How is Performance measured in Jurnii UX
Our methodology for Performance scoring.
Written By Fraser Dunk
Last updated About 2 months ago
Overview
Jurnii UX measures performance as a relative benchmark across your competitive set, not as a direct reflection of real user (field) experience. The performance category equates to 20% of your Jurnii score.
We’re deliberately transparent about this:
Performance in Jurnii is designed to answer “how do you compare vs your competitors?”, not “what exact experience is every user having?”
Why Jurnii Uses Lab Data (Not Field Data)
Performance data typically comes in two forms:
Field data (e.g. CrUX / real user metrics)
Lab data (controlled, simulated testing environments)
Jurnii uses lab data, and this is a structural decision.
The Limitation of Field Data
Field data (such as Chrome UX Report / Origin data) is:
Aggregated at the domain level
Not available at page or journey step level
This means:
You cannot isolate performance for specific flows like Registration or Deposit
It blends all pages into a single average
Since Jurnii focuses on journey-step-level analysis, field data cannot provide the required level of granularity.
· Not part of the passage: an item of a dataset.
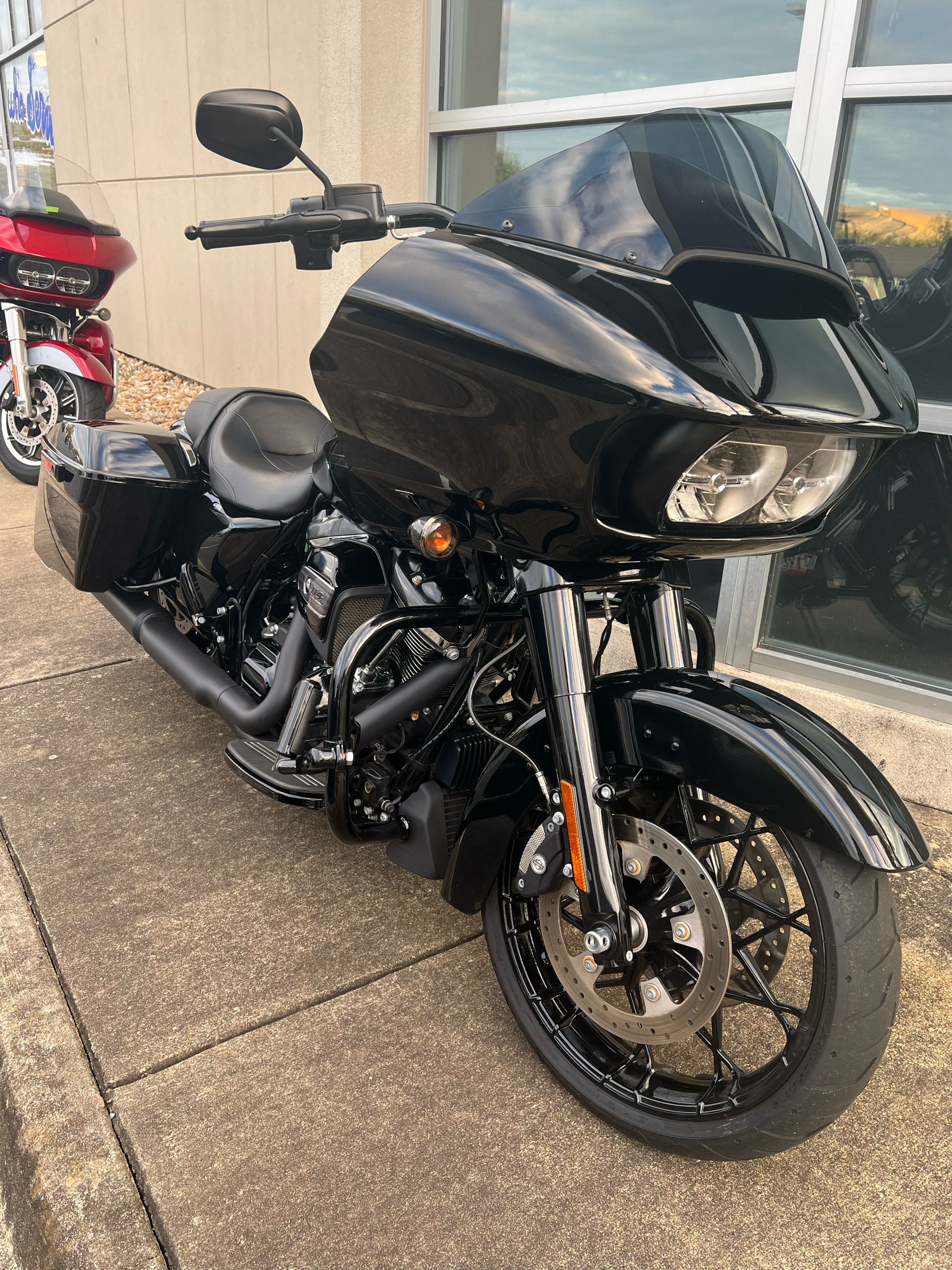 2020 Harley-Davidson ROAD GLIDE SPECIAL in Dumfries, Virginia - Photo 4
How Jurnii Measures Performance
1. Journey Step-Level Testing
Each step in a journey (e.g. Registration page, Deposit page) is tested individually.
This allows us to:
Compare like-for-like pages across competitors
Identify where performance issues exist within key conversion flows
2. Lighthouse-Based Lab Testing
We use Lighthouse in a controlled lab environment to generate performance scores.
Testing conditions are standardised to ensure fairness:
Mobile testing
Device: iPhone 13 Pro (emulated)
Network: Simulated Slow 4G
CPU: 4× slowdown
Desktop testing
Resolution: 1920×1080
Network: Simulated cable connection
CPU: Standardised environment
This setup simulates a realistic mid-tier user experience, rather than ideal conditions.
3. Controlled Benchmarking Environment
Every brand in your competitive set is tested under:
The same environment
The same throttling conditions
The same testing window
This is critical.
Even if absolute scores may differ from real-world user data in specific regions or conditions:
The relative performance gap between brands is consistent, fair, and meaningful
Interpreting Performance Scores
Performance scores in Jurnii should be viewed as:
Comparative, not absolute
Directional, not exact real-user replication
Indicative of competitive gaps, not standalone truth
Scores may be more volatile than other categories due to:
Dynamic content
Third-party scripts
Infrastructure variability
That’s expected — and accounted for in how results are interpreted.
Accessibility Considerations
Alongside performance, Jurnii also evaluates accessibility factors, including:
Colour contrast issues (aligned with WCAG standards)
Missing or incorrect ARIA labels
Other usability-impacting accessibility gaps
These are benchmarked in the same way:
Against your competitors
Highlighting opportunities to outperform the market
Why This Approach Matters
If we relied purely on field data:
You’d get accurate averages, but no actionable insight at journey level
By using lab data:
You get step-level visibility
You can pinpoint exactly where performance impacts conversion
You can clearly see where competitors outperform you
Key Takeaway
Jurnii UX performance analysis is built for competitive benchmarking at journey level.
It doesn’t try to replace your existing tools — instead, it complements them by answering a different, more strategic question:
“Where are we slower than our competitors in the moments that actually matter?”